• **RECORDED DATA**:
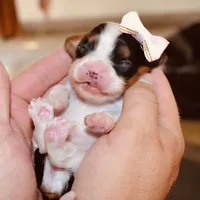 processed/00a6723d-7b29-44a8-9c13-d4fdc32b97cd/facility/e68ae310-557a-4dde-9f55-e29f67684235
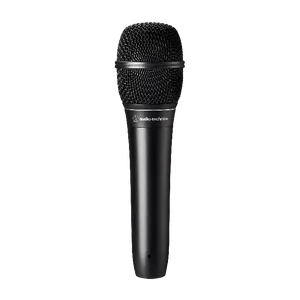 Audio-technical ATS99 - Hypercardioid Dynamic Microphone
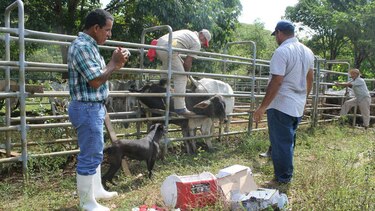 Herrera: Activan plan de vacunación a reses en Las Minas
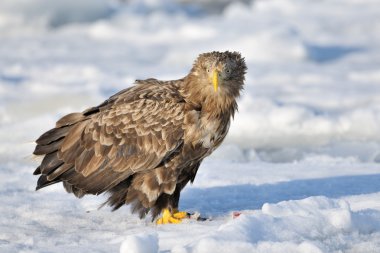 White-tailed Sea Eagle clipart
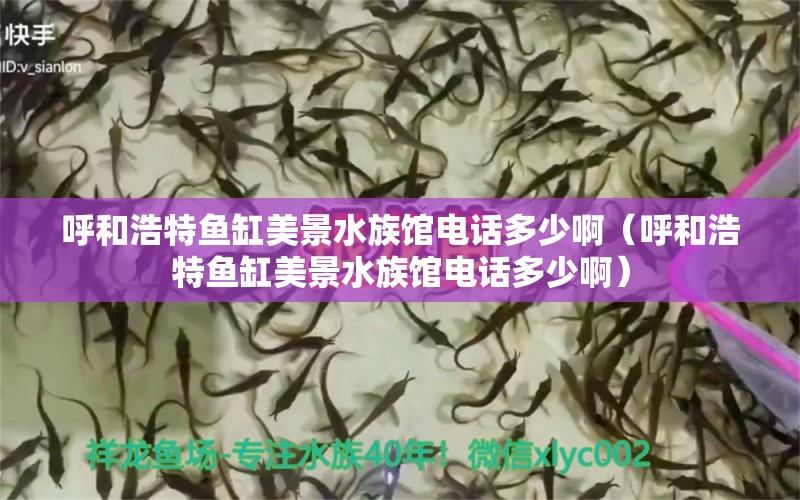 呼和浩特魚缸美景水族館電話多少?。ê艉秃铺佤~缸美景水族館電話多少啊）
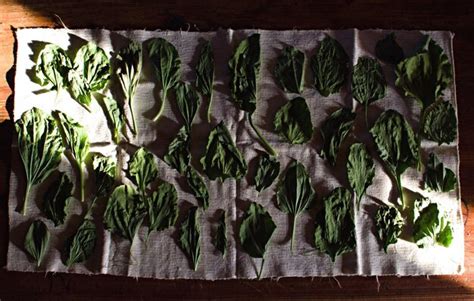 Premium Photo | Herbs drying on towel
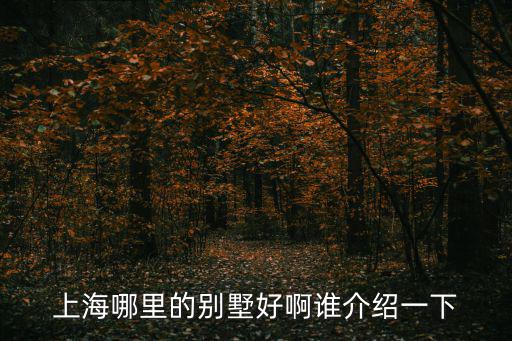 上海哪里的別墅好啊誰介紹一下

• **EXERCISE PROMPT**: Everything from the line containing "White-tailed Sea Eagle clipart" through the final line of the material must be set down exactly, except the pictures.

• **COMPLETED EXERCISE**:
 White-tailed Sea Eagle clipart
 呼和浩特魚缸美景水族館電話多少?。ê艉秃铺佤~缸美景水族館電話多少啊）
 Premium Photo | Herbs drying on towel
 上海哪里的別墅好啊誰介紹一下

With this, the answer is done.